The above command requests 1 node with a GPU. Please note some systems may have nodes with more than one GPU. The above command will still work, but you can request up to the number of GPUs available on a node. For example, two on Thunder.

3.6.3. Requesting Phi Nodes

To request a Phi node, a variation of the select statement can be used:

-l select=1:ncpus=N2:mpiprocs=N3:nmics=1

The above command requests 1 node with a Phi accelerator. Note that some systems may have nodes with more than one Phi accelerator. The above command will still work, but you can request up to the number of Phis available on a node. For example, two on Thunder.

3.6.4. Requesting Mixed-Nodes

To request a mixture of nodes, a variation of the select statement can be used:

-l select=1:ncpus=N2:mpiprocs=N3+1:ncpus=N4:mpiprocs=N5:ngpus=1

The above command requests one standard compute node plus a second node with a GPU.

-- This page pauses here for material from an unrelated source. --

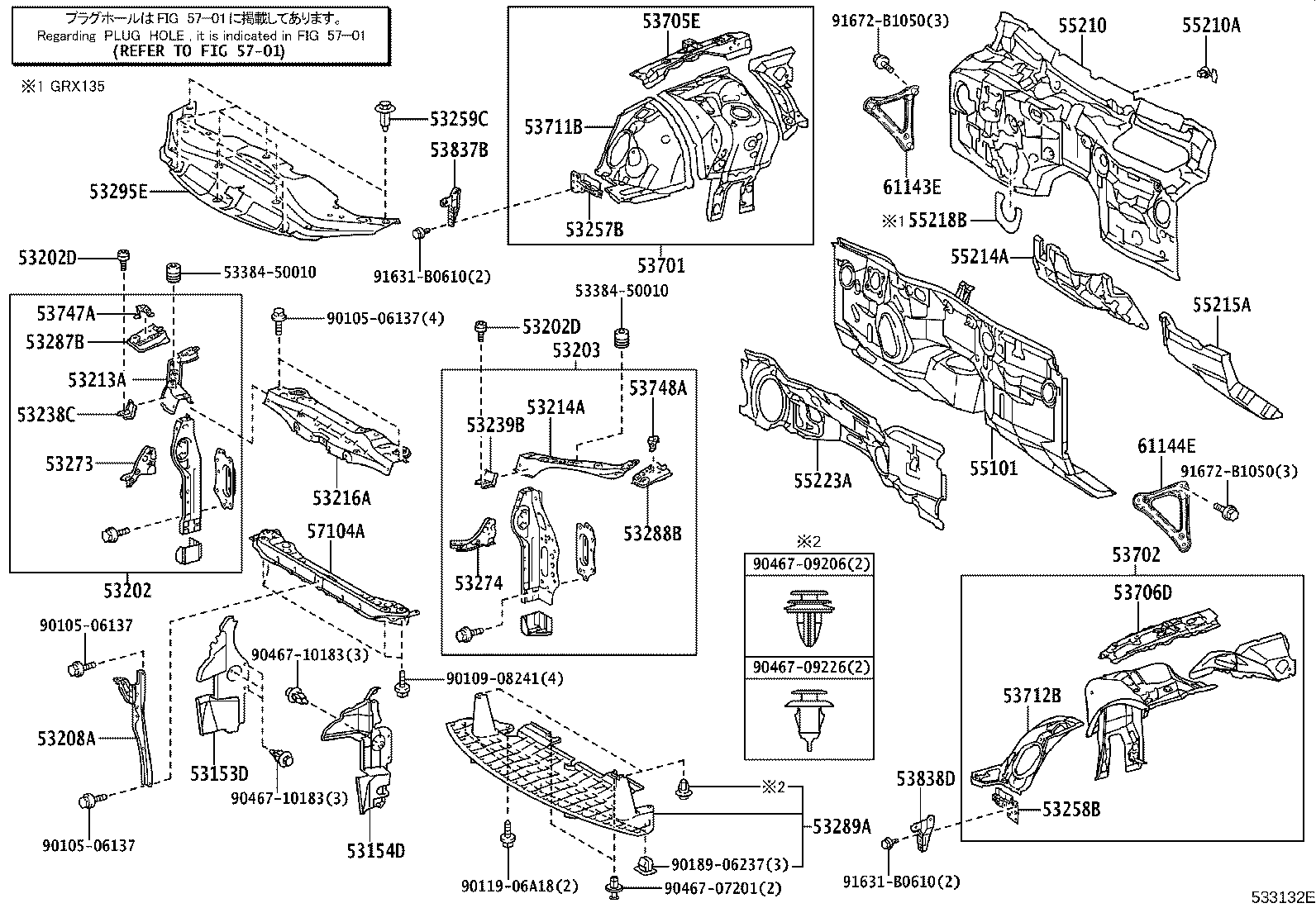 53701-22835 APRON SUB-ASSY, FRONT FENDER, RH product image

3.6.5. Requesting KNL Nodes

If you are using Onyx and want to use KNL nodes within the HIE, this is done the same as outside the HIE. Please see the Onyx KNL Quick Start Guide for more information.

3.7. Launch Commands

The launch command for the HIE is the same as for non-HIE jobs on the same HPC system. Please see the User Guide for a particular HPC system for available launch commands.

3.8. Sample Scripts

Since the HIE is just an execution environment, job scripts are created the same as for any other job on the particular HPC system, with the exception that the queue name should be specified as "HIE". Please see the User Guide for the particular HPC system for additional information. Note that ARL systems do not have standard compute nodes assigned to the HIE. If you do not specify either large-memory or GPU nodes, your job will still run in the HIE but will be randomly assigned to one of these node types.

3.9. PBS Commands

The following commands provide the basic functionality for using the PBS batch system:

qsub: Used to submit jobs for batch processing.
qsub [ options ] my_job_script

qstat: Used to check the status of submitted jobs.
qstat PBS_JOBID ## check one job
qstat -u my_user_name ## check all of user's jobs

qdel: Used to kill queued or running jobs.
qdel PBS_JOBID

A more complete list of PBS commands is available in the PBS guide for a particular system.

3.10. Advance Reservations

The HIE is not accessible through the Advance Reservation Service (ARS). For information about the ARS, please see the ARS User Guide.